Si bien no creo que una o dos semanas de investigación sean suficientes para determinar lo que realmente ocurrió en Ruanda en 1994, si los relatos de Herman, Peterson y Black son realmente correctos, sin duda coincidirían estrechamente con mis propias y firmes conclusiones sobre la verdad histórica de la Segunda Guerra Mundial:

Una afirmación más amplia hecha por Herman y Peterson parece particularmente relevante, dados los acontecimientos más recientes. Argumentaron que los artículos y libros escritos por Gourevitch, Samantha Power y muchos otros se utilizaron cínicamente para “fabricar consentimiento” para las previstas políticas gubernamentales, incluida la exaltación de una persona al servicio de los EEUU, como Kagame, y el derrocamiento del gobierno del Congo. Señalaron que, aunque Gourevitch siempre fue retratado como un periodista desinteresado y de mentalidad independiente, en el momento en que se publicó su libro, a fines de la década de 1990, era cuñado de James Rubin, un alto funcionario del Departamento de Estado de Clinton, por lo que obviamente era alguien cercano a los círculos que toman las decisiones.

O consideremos el caso de Samantha Power, cuyo libro enormemente influyente ayudó a inspirar la doctrina de la “Responsabilidad de proteger” de la ONU. Esta construcción ideológica proporcionó a Estados Unidos y sus aliados la justificación política para intervenciones militares en otros países, con el fin de supuestamente proteger a sus poblaciones civiles de posibles masacres o genocidios inminentes. Unos años más tarde, en 2011, la OTAN utilizó esa excusa para derrocar con éxito al gobierno de Libia, lo que provocó un gigantesco desastre humanitario, y luego casi logró el mismo resultado en Siria, destruyendo la mayor parte de ese país y provocando la muerte de muchos cientos de miles de civiles.
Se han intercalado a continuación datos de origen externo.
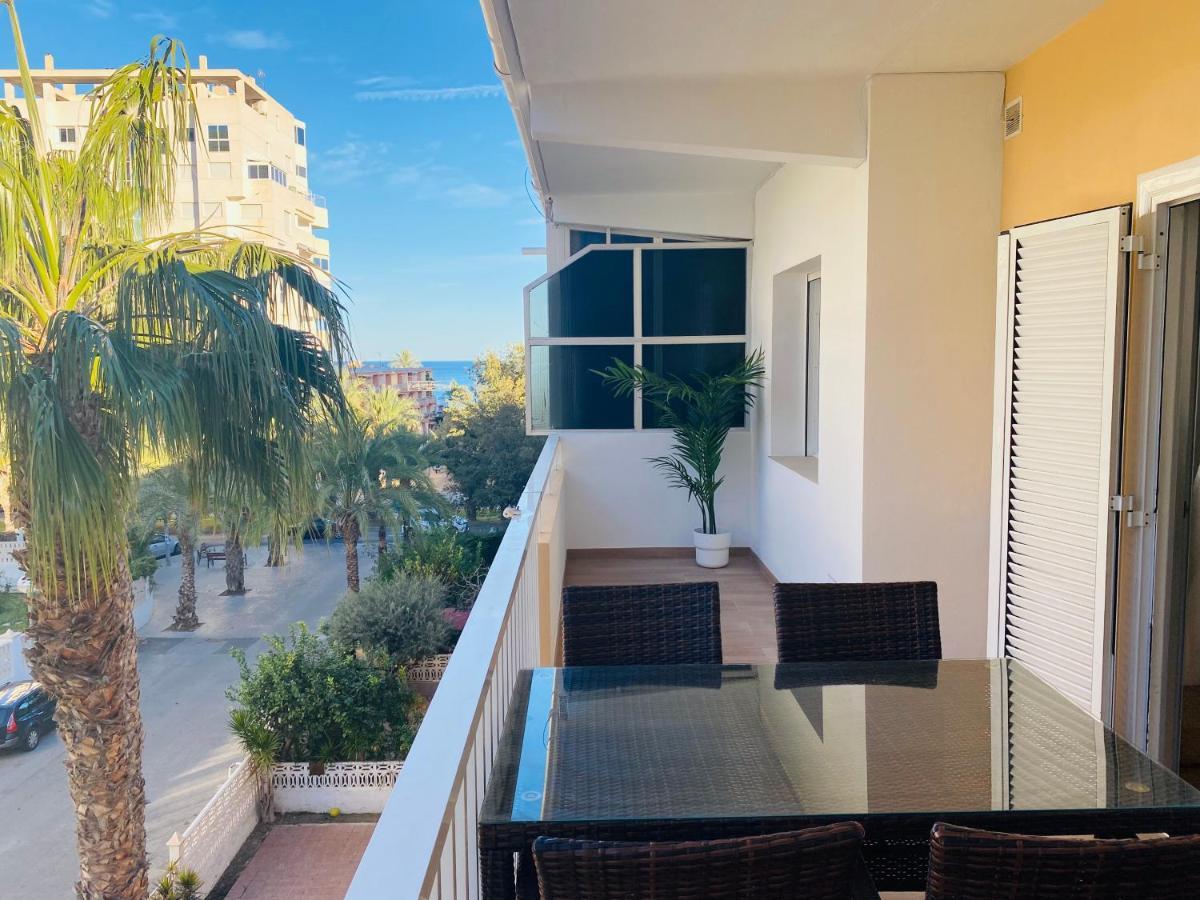Amplio Apartamento Con Vistas Al Mar, Parking Y Wifi Аликанте Экстерьер фото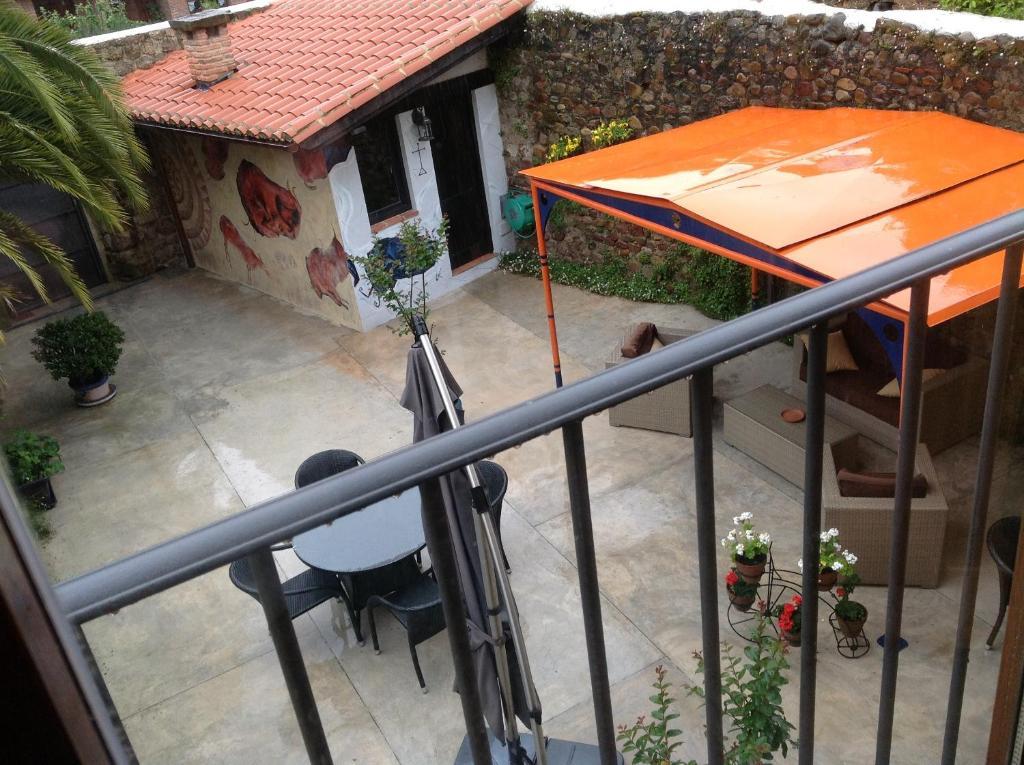 Apartamentos Rurales La Villa De Piedra Cartes Extérieur photo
Sin embargo, hoy en día, la masacre que Israel está perpetrando contra decenas de miles de civiles palestinos indefensos en Gaza, mientras mata por hambre a cientos de miles más, una situación mucho más flagrante, ha sido totalmente ignorada por todos esos personajes destacados, a pesar del lenguaje explícitamente genocida empleado por la mayoría de los políticos y líderes militares de Israel. Power había declarado que estaba indignada porque ningún funcionario estadounidense había dimitido en protesta por la inacción de su gobierno durante la matanza de Ruanda de 1994, pero un veredicto casi unánime de la Corte Internacional de Justicia ha declarado que la población de Gaza se enfrenta ahora a una posible genocidio a manos de Israel y, en lugar de mera inacción, el gobierno estadounidense de hoy está suministrando en realidad las municiones utilizadas para ese genocidio. A pesar de estos hechos, Power todavía se desempeña como jefa de USAID y no ha expresado ninguna crítica pública a la política de su propio gobierno y mucho menos renunció en protesta airada.